West of Goondiwindi the ground was generally level with elevations about 180 to 190 metres. There were many cleared paddocks but no dominant crop although wheat was increasingly seen for a while as we moved west. Scraps of cotton on the edge of the road indicated that cotton bales had been trucked along this road, probably to gins in Goondiwindi, but we didn't see where the cotton trail originated.
|Pile of grain at the Talwood grain centre.
|Once we more than 100 kilometres from Goondiwindi, past the village and large grain silo at Talwood, the land became less open with far less clearing. The sequence of small villages along the road which had, presumably, once been centres of rural activity also ended.|
|Bonshaw to Nindegully - page 2|
There seemed to be something of a return to grazing but, despite some proud signage on properties asserting their commitment to specific cattle breeds (especially Angus), there were few cattle to be seen. According to the rural media much of inland Australia is suffering from a lack of rainfall and a drought is feared to be imminent; many graziers are selling cattle to reduce their stock numbers in case the worst happens. Despite reports of reduced rainfall we saw many water-courses full to overflowing with water. Not only were the creeks full but so were billabongs and waterholes visible from the road.
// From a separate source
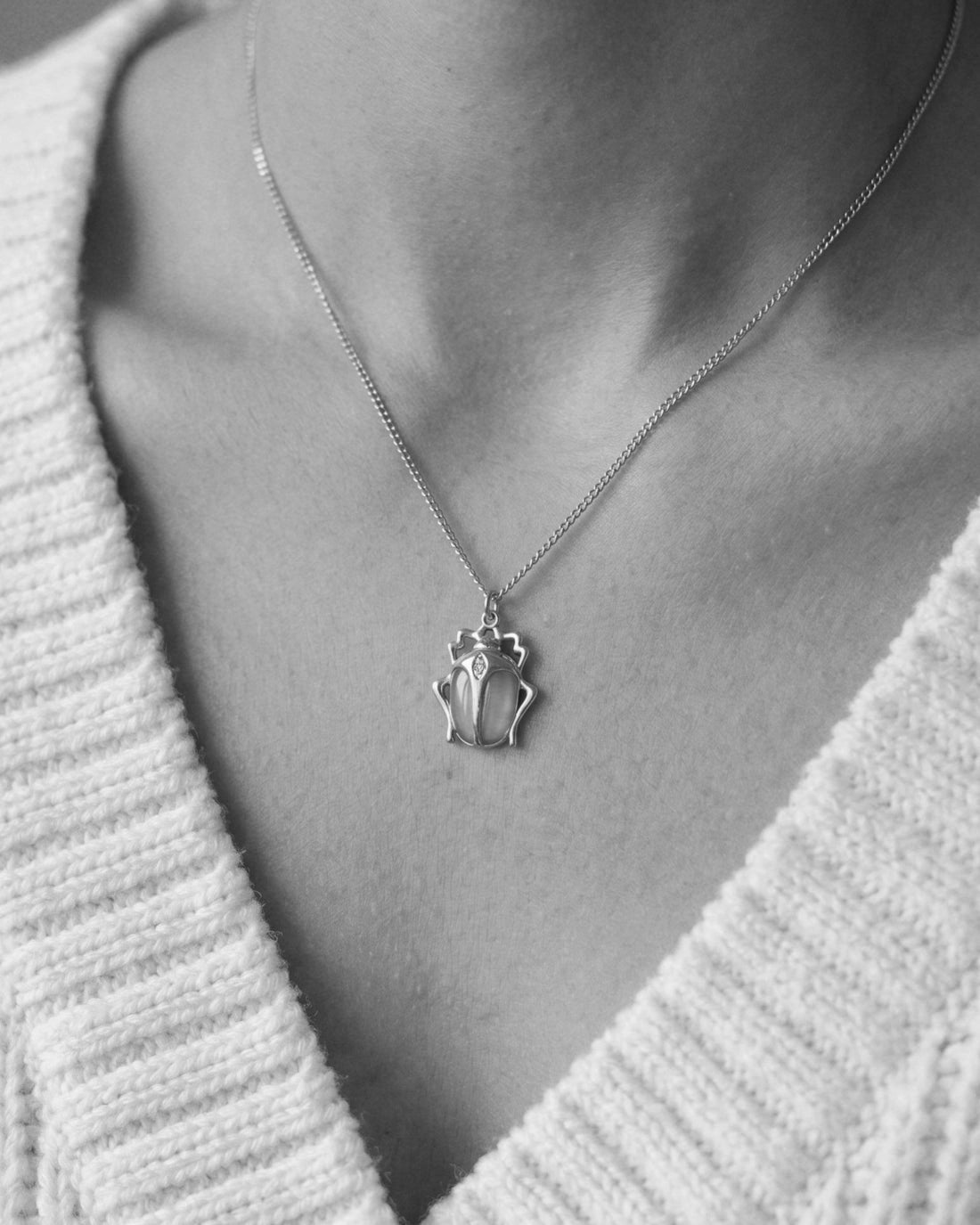 Unique Beetle Necklace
The road was mostly straight and nearly flat, the two lanes of bitumen were not quite wide enough to comfortably pass an oncoming semi-trailer or B-double but there was no need to go off the bitumen to do so. Traffic was very light in both directions. The road's bitumen surface was not really smooth and the vehicle tended to bounce quite a bit. Different sections of road had different comfortable speeds which could be 80, 85, 90 or 95 kilometres an hour. Eventually I gave up trying to match our speed with the road's comfort limit and settled on 85 kph.
Approaching our destination at Nindigully we passed a stock trailer on its side on the side of th road. This was one of the full-size, double-deck trailers fitted in road trains and there it was on its side beside the bitumen with passers-by able to see all the wheels, axles and underside. Superficially, it appeared undamaged. How this could have happened on a straight, flat section of road was a mystery.
Near the junction of the St George-Goondiwindi Road and the St George-Murindi Road is the Nindigully Pub where we stayed the night, taking advantage of the free-camping they advertise.